(Dataset items)

:::::

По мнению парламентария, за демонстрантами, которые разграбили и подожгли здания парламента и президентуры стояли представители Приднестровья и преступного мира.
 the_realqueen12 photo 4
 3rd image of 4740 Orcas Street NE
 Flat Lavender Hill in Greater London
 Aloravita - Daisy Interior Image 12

:::::

Without changing a word, write out each entry again.

По мнению парламентария, за демонстрантами, которые разграбили и подожгли здания парламента и президентуры стояли представители Приднестровья и преступного мира.
 the_realqueen12 photo 4
 3rd image of 4740 Orcas Street NE
 Flat Lavender Hill in Greater London
 Aloravita - Daisy Interior Image 12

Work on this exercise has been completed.